Cover eines kleinen Liederbuchs
Cover eines kleinen Liederbuchs

Im zweiten Jahr mit der Pandemie und vielen Fragen, ob und wann diese unerfreuliche Zeit je endet, fallen Rückblick und Ausblick gleichermaßen schwer. Studierende hatten nach drei Online-Semestern endlich wieder Präsenzveranstaltungen, allerdings nur wenige Wochen. Steigende Infektionszahlen, hohe Krankenhauseinweisungen, viele, die an der Erkrankung sterben - der Herbst/Winter 2021 fühlt sich beinahe so an wie der Herbst/Winter 2020. Die Pandemie hat Folgen an vielen Stellen, längst nicht alle sind jetzt schon absehbar! Die Wirtschaft klagt über Lieferprobleme, Sozialarbeiter*innen verweisen auf zunehmende psychische und andere Belastungen bei Kindern, Jugendlichen und erwachsenen Menschen, Teile der Gesellschaft erleben die Einschränkungen des täglichen Lebens als Belastung oder gar Bedrohung.

Ein Hoffnungsschimmer ist, dass manche vielleicht erkennen: Wissenschaft leistet einen wichtigen Beitrag! Prognosen für die aktuelle Situation waren schon vor Wochen entworfen worden. Aus den Handydaten lassen sich Rückschlüsse für die Mobilität ziehen und daraus wiederum Rückschlüsse für das wahrscheinliche Infektionsgeschehen. Über die Virusverbreitung in der kälteren Jahreszeit weiß man genügend, um Ansteckungsraten vorherzusagen. Der Begriff "exponentielles Wachstum" dürfte inzwischen allen geläufig sein. Da entsprechende Analysen veröffentlicht wurden, sind sie für alle nachvollziehbar. Dennoch erfolgt nicht automatisch eine Anpassung des Verhaltens; aber auch das ist Teil der wissenschaftlichen Erkenntnis: Menschen verhalten sich angesichts drohender Gefahren nicht immer vernünftig. Sie blenden Informationen aus, stellen sie in Abrede, suchen nach alternativen Antworten, wollen ihr Verhalten nicht anpassen und hoffen, dass alles nicht so schlimm wird wie prognostiziert. All das war Gegenstand wissenschaftlicher Studien und wurde publiziert. Trotzdem hat SARS-CoV2 noch genügend freies Spiel und mutiert derweil vor sich hin. Obwohl die Wissenschaft es auch geschafft hat, in kürzester Zeit Impfstoffe zu entwickeln. Gegenwärtig sind die Zahl auf einem hohen Niveau, wo sie vorübergehend verharren. Dies zeigt: Wissenschaft ist eine laufende Herausforderung.

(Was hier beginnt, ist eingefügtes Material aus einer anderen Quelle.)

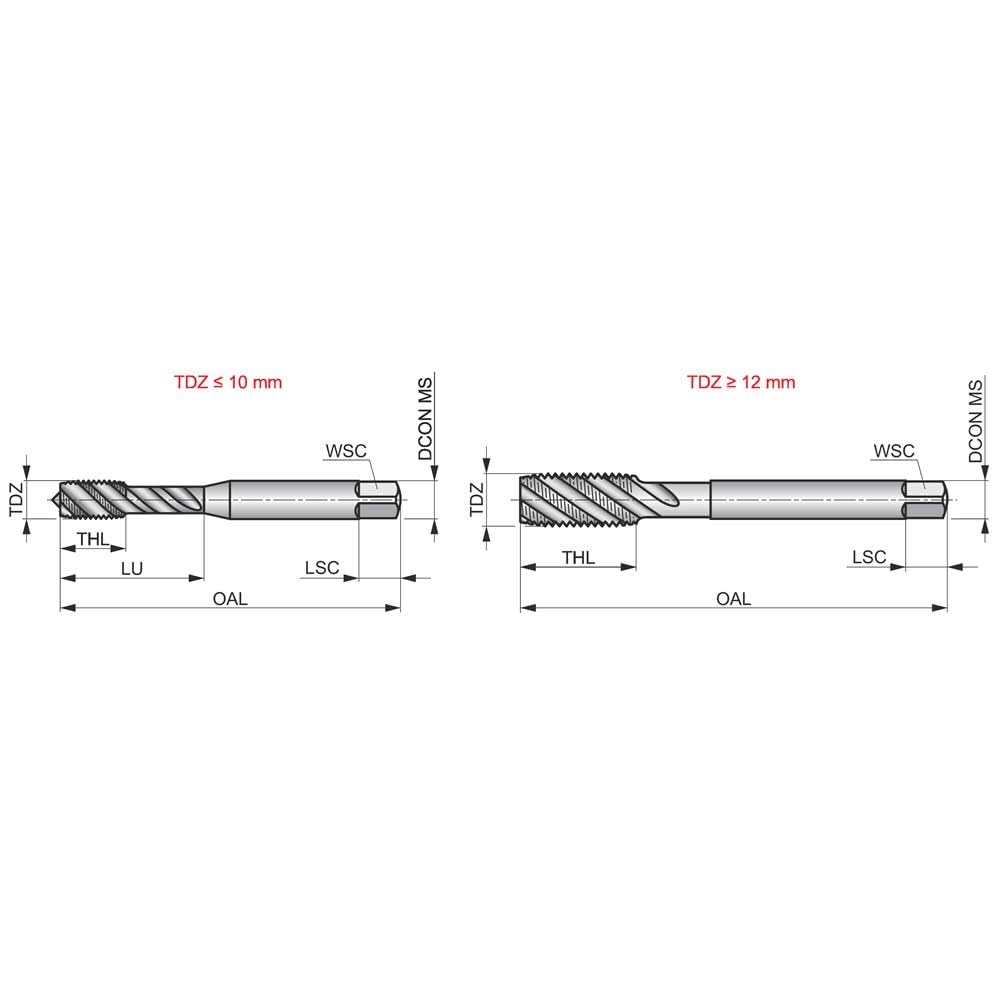 Dormer E002M2 Series E002 HSS-E-PM - Macho de roscar espiral (métrico, acabado brillante, norma ISO, rosca M2 x 0,40 mm, longitud de 41 mm)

Aber bedeutet dies nicht auch, dass es spannend und herausfordernd ist, sich mit den vielen Fragen, die das Leben aufwirft, zu beschäftigen? So ein Studium befähigt einen ja nicht nur das Wissen anderer aufzunehmen, sondern selbst Wissen zu generieren, die Erkenntnisse anderer zu prüfen und zu bewerten. Ein guter Grund, wie ich finde, sich der eigenen Kompetenz zu vergewissern und gerade in einer Zeit vieler Ungewissheiten nachzudenken und vorläufig offene Zustände auszuhalten.

Im kommenden Jahr geht es dann zum Jahresende über etwas anderes als eine Pandemie, die uns viel länger beschäftigt hat, als wir einst dachten. Stattdessen vielleicht über den Fortschritt beim Ausbau erneuerbarer Energien, bei der Reduzierung der CO2-Emissionen, über eine positive wirtschaftliche Entwicklung, wieder Normalität im Alltag und die weitere Umsetzung der Strategie der Hochschule.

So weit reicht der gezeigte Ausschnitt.